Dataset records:
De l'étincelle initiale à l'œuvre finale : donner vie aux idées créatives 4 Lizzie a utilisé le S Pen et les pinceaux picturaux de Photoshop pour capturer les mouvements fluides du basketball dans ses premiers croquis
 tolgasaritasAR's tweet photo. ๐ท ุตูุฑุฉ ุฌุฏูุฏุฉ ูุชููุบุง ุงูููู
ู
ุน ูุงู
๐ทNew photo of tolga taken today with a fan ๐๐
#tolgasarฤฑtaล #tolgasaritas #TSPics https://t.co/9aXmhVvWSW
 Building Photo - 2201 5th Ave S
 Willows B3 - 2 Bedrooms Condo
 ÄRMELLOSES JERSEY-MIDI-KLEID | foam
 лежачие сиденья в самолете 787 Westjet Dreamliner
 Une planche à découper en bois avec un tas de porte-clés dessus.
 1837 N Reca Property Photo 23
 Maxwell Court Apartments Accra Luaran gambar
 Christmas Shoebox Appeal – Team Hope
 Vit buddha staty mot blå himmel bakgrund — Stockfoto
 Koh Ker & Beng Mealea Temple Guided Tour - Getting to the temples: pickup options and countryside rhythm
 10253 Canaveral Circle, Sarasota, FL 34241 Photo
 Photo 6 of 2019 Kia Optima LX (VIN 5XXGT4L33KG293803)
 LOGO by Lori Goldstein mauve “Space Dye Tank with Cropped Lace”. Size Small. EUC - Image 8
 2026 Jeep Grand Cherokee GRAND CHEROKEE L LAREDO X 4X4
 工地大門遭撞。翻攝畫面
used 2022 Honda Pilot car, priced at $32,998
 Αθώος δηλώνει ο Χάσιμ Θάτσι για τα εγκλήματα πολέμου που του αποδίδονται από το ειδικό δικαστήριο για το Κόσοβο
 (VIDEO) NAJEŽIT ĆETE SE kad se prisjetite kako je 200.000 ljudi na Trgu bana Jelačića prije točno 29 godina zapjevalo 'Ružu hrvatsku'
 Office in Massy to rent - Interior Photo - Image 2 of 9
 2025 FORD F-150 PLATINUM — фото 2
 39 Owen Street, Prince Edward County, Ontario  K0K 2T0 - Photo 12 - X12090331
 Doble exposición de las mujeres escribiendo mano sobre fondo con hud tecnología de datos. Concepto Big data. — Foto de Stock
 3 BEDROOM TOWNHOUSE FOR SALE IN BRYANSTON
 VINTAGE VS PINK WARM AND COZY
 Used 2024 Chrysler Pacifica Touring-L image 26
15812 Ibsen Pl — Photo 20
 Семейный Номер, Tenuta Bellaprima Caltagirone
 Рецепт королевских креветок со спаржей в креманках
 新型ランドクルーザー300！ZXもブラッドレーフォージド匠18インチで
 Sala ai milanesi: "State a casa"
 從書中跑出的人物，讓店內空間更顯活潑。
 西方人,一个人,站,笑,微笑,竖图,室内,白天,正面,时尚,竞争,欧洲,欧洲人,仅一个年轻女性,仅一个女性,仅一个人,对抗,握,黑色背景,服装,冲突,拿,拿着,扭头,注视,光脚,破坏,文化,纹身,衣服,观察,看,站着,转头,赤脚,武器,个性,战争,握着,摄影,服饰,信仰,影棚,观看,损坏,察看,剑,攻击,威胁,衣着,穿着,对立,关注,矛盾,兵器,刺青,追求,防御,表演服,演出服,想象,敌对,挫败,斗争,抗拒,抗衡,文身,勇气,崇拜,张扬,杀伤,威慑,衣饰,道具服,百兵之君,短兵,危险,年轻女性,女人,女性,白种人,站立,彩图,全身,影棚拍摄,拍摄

> [Task description]
From the records above, extract exactly and only the lines that begin at the line with "ÄRMELLOSES JERSEY-MIDI-KLEID | foam" and stop after the line with "新型ランドクルーザー300！ZXもブラッドレーフォージド匠18インチで".

> [Exercise result]
 ÄRMELLOSES JERSEY-MIDI-KLEID | foam
 лежачие сиденья в самолете 787 Westjet Dreamliner
 Une planche à découper en bois avec un tas de porte-clés dessus.
 1837 N Reca Property Photo 23
 Maxwell Court Apartments Accra Luaran gambar
 Christmas Shoebox Appeal – Team Hope
 Vit buddha staty mot blå himmel bakgrund — Stockfoto
 Koh Ker & Beng Mealea Temple Guided Tour - Getting to the temples: pickup options and countryside rhythm
 10253 Canaveral Circle, Sarasota, FL 34241 Photo
 Photo 6 of 2019 Kia Optima LX (VIN 5XXGT4L33KG293803)
 LOGO by Lori Goldstein mauve “Space Dye Tank with Cropped Lace”. Size Small. EUC - Image 8
 2026 Jeep Grand Cherokee GRAND CHEROKEE L LAREDO X 4X4
 工地大門遭撞。翻攝畫面
used 2022 Honda Pilot car, priced at $32,998
 Αθώος δηλώνει ο Χάσιμ Θάτσι για τα εγκλήματα πολέμου που του αποδίδονται από το ειδικό δικαστήριο για το Κόσοβο
 (VIDEO) NAJEŽIT ĆETE SE kad se prisjetite kako je 200.000 ljudi na Trgu bana Jelačića prije točno 29 godina zapjevalo 'Ružu hrvatsku'
 Office in Massy to rent - Interior Photo - Image 2 of 9
 2025 FORD F-150 PLATINUM — фото 2
 39 Owen Street, Prince Edward County, Ontario  K0K 2T0 - Photo 12 - X12090331
 Doble exposición de las mujeres escribiendo mano sobre fondo con hud tecnología de datos. Concepto Big data. — Foto de Stock
 3 BEDROOM TOWNHOUSE FOR SALE IN BRYANSTON
 VINTAGE VS PINK WARM AND COZY
 Used 2024 Chrysler Pacifica Touring-L image 26
15812 Ibsen Pl — Photo 20
 Семейный Номер, Tenuta Bellaprima Caltagirone
 Рецепт королевских креветок со спаржей в креманках
 新型ランドクルーザー300！ZXもブラッドレーフォージド匠18インチで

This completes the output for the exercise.